## Work to complete:
From the first line to the last, copy the listing exactly and omit the pictures.

━━━ Dataset section ━━━

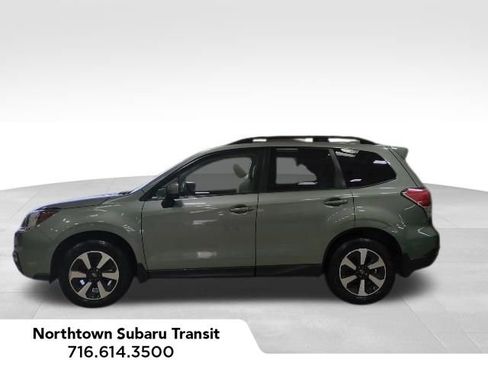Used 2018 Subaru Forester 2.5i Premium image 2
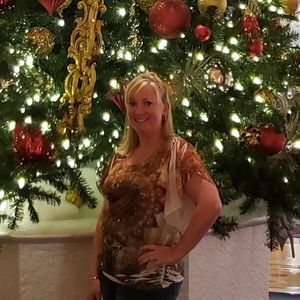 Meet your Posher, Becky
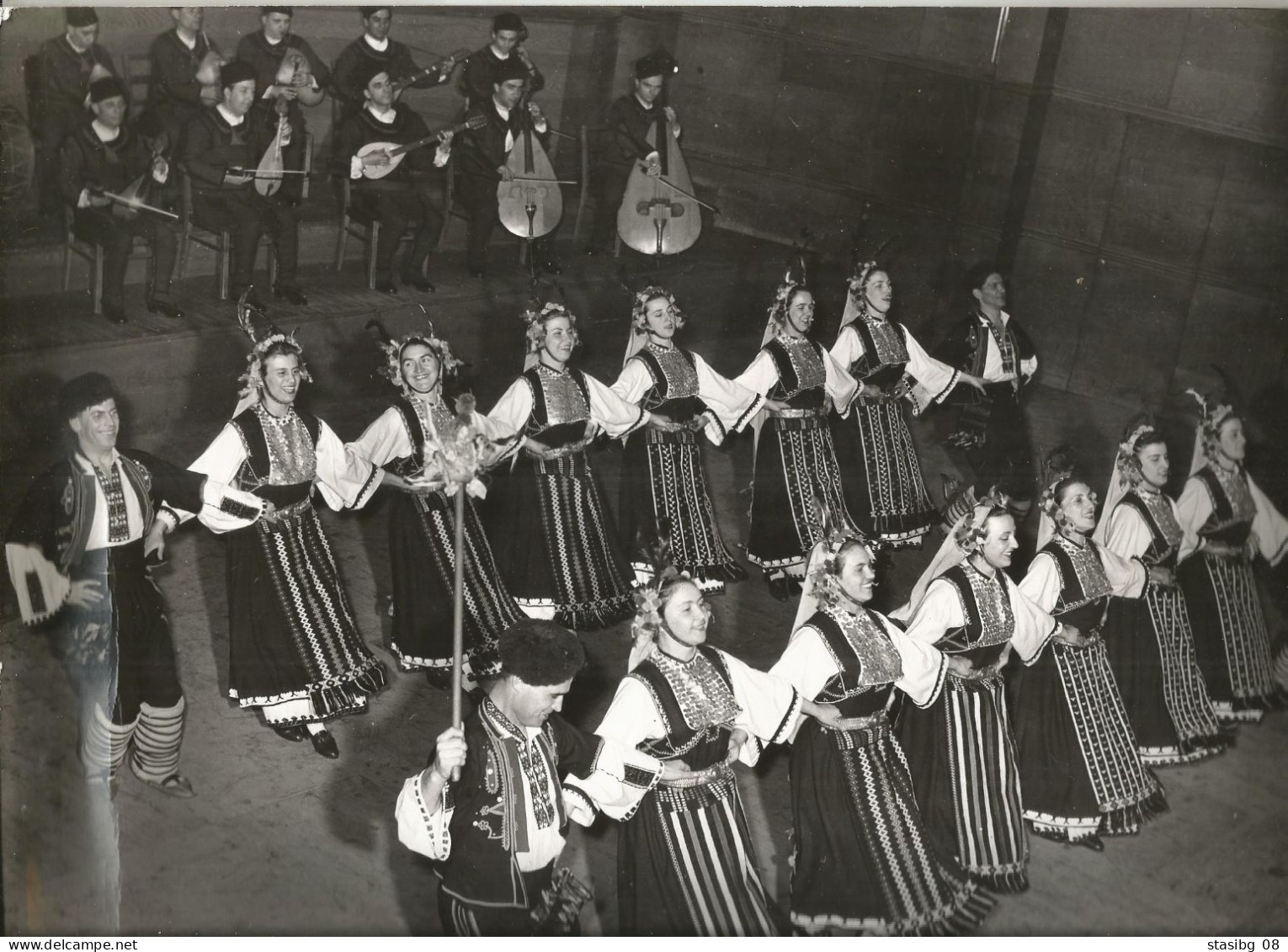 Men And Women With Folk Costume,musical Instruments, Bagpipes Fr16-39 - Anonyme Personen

━━━

## Response box:
Used 2018 Subaru Forester 2.5i Premium image 2
 Meet your Posher, Becky
 Men And Women With Folk Costume,musical Instruments, Bagpipes Fr16-39 - Anonyme Personen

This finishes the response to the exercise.